At the moment, three-letter-agencies can and do slurp up virtually everything with
impunity. They do it because it's cheap and easy.
If we can adjust the playing field so that they have to individually tailor their attacks
to each middlebox, or bribe an ISP employee, or do a black-bag job, or use side-channels to
get at the middlebox, then that raises the cost to them. They're all expensive activities
carrying a high risk of discovery.
Raise the cost enough, or compromise their ability to reliably operate covertly, and
they'll no longer be in a situation where, as now, they can hoover up everything on
general principles. They'll actually need a *reason* to go after someone.
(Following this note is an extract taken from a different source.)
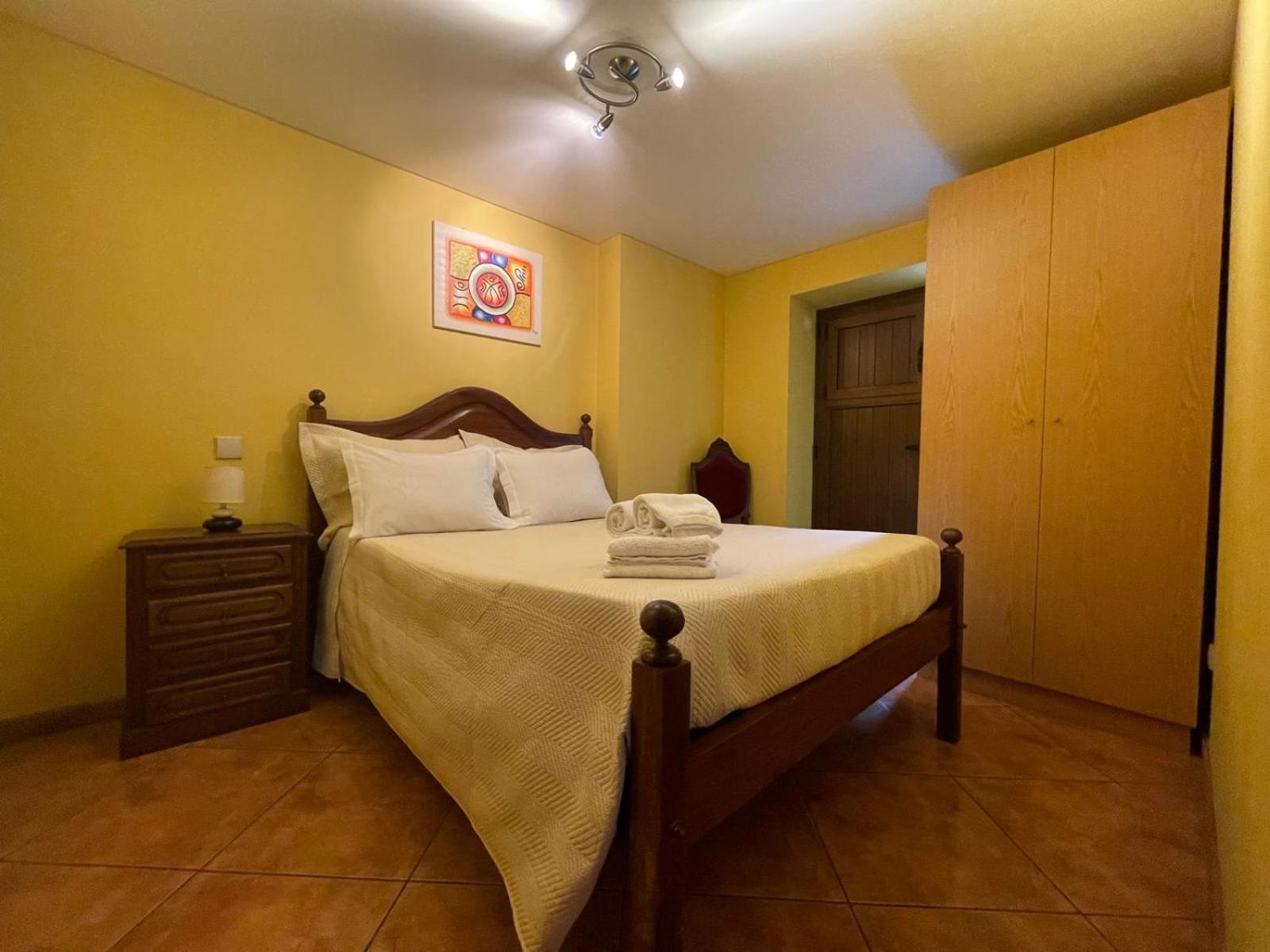 Casa Dina Doceira Apartman Geres Kültér fotó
It's like the key-length argument, where you increase the number of bits in your key to
deal with the anticipated processing power of your adversary over the lifetime of your
data's importance. Well, we currently secure much of the internet with zero-bit keys,
and we know full well that there are adversaries out there which have the resources to
unwrap the plaintext. So it's past time to increase the key length, to raise the cost
to the adversaries.
> This isn't a serious discussion, as it seems that there isn't an appreciation of the entire problem-space. No more replies, and this time, I really mean it.
You're right, it isn't a serious discussion -- partly because you seem to think there's
an answer to this exclusively within the realm of the polity.
Your nation's intelligence agencies are corrupt -- they're behaving lawlessly, performing
billions of warrantless searches against your countrymen every day of the week, removing
all meaningful import from the fourth amendment.
In parallel to that, though, the law that governs them gives them free reign to perform
as many warrantless searches as they like against people outside the borders of the USA,
which includes virtually everyone on this mailing list. We're all foreigners, aka
"targets." There is no effective limit on what US intelligence services can do against
us, up to and including kidnapping (as the CIA demonstrated with effective impunity in
Italy, among other places).
And that's to say nothing about other snooping nation states.
Your polity-driven solution will, *AT BEST*, address the first problem, that of US
intelligence agencies violating the US 4th Amendment by unlawfully searching the
digital papers and personal effects of US citizens without a warrant.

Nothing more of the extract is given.